Mais la transformation écologique ne pourra pas s’effectuer sur ces bases car elle suppose un recours massif à l’épargne. Il nous faudra donc une épargne longue pour financer les investissements productifs de l’avenir. Cette réorientation d’une épargne importante est possible. D’autres l’ont réalisée. Elle suppose vision et volonté…

Jacques de Larosière

Paris, le 28 septembre 2022

[1]Ce mot se réfère à l’importance croissante que revêt, depuis une cinquantaine d’années, la finance internationale – et donc l’endettement qu’elle comporte – dans le développement du cycle économique. Le cycle est devenu essentiellement financier.

 

[2] En 2021, un quart des obligations de la zone euro comportait des taux négatifs.

 

[3] De 1998 à 2018 notre industrie manufacturière est passée de 15 à 10% du PIB alors qu’en Allemagne le chiffre est resté à 24%. Entre 1975 et 2000, la France a perdu 2,5 Millions d’emplois dans l’industrie manufacturière alors que progressaient les effectifs du secteur public.

 

[4] Sous le Général de Gaulle, les dépenses publiques représentaient 35% du PIB au lieu de 54% aujourd’hui.

   		   	

Un commentaire sur « « En finir avec le règne de l’illusion financière » Jacques de Larosière »
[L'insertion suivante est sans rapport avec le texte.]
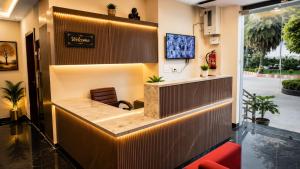 an office lobby with a waiting room with a chair at Hotel Prime Grand Residency by Rd Hotels #Most Premium Hotel in vrindavan #Lift #Parking #Fully Ac in Chhatikara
  • Excellent article, bien documenté ; une seule petite faiblesse (à mon sens) : l’auteur se focalise au sujet des retraites sur un âge (ici, 65 ans) : il se met donc dans une optique stricte de répartition (système actuel).
    Deux observations donc :
    – la durée de cotisations entraîne mécaniquement un allongement du départ en retraite (act : 42/63.5 pr 62 légaux et minimum) ; un allongement progressif (x : 43 en 2030, et 44 en 2040 ; voire 45 en 2050 ? Il faudra d’abord tirer des bilans) ; il convient de laisser (à mon sens) l’équilibre actuel (62/42) avec activation progressive de la surcote (ex : 1.5 % par TRIM manquant à 64 ans, 1% à 66 et 1.5% plafonnés à/c de 68, voire 2% à/c de 70 ?) > on incite au lieu de contraindre. Libre à chacun de partir plus tôt, avec une décote (modérée ; ex : 1%).
    – il n’évoque pas et c’est étonnant, un système « mixte » : 80% répartition et 20% capitalisation ; une partie des cotisations employeurs -qui doivent baisser en volume, par contraction des dépenses publiques et retour à 30/35% du PIB en effet) sont versées aux salariés (les salaires augmentent), qui reverse ensuite tout ou partie (60% mini ou 80 % ?), à la CDC ou à un fonds d’État « verrouillé » et sûr. Rémunération ? 3 à 5 % l’an à calculer et à proposer (4% semblent bien, mais ? C’est à calculer, « honnêtement » avec les partenaires sociaux…).

    Voilà ; merci pour ces réflexions et analyses sur la très dangereuse « financiarisation » actuelle et ce capitalisme financiarisé et débridé, qui a perdu la tête »…Il convient de revenir à la réalité et un État souverain dans ses décisions monétaires, budgétaires et financières, me semble-t-il.
    Faire de la politique, en somme et rétablir l’équilibre et la bonne santé des finances publiques, règle de base oubliée par les gouvernants amateurs.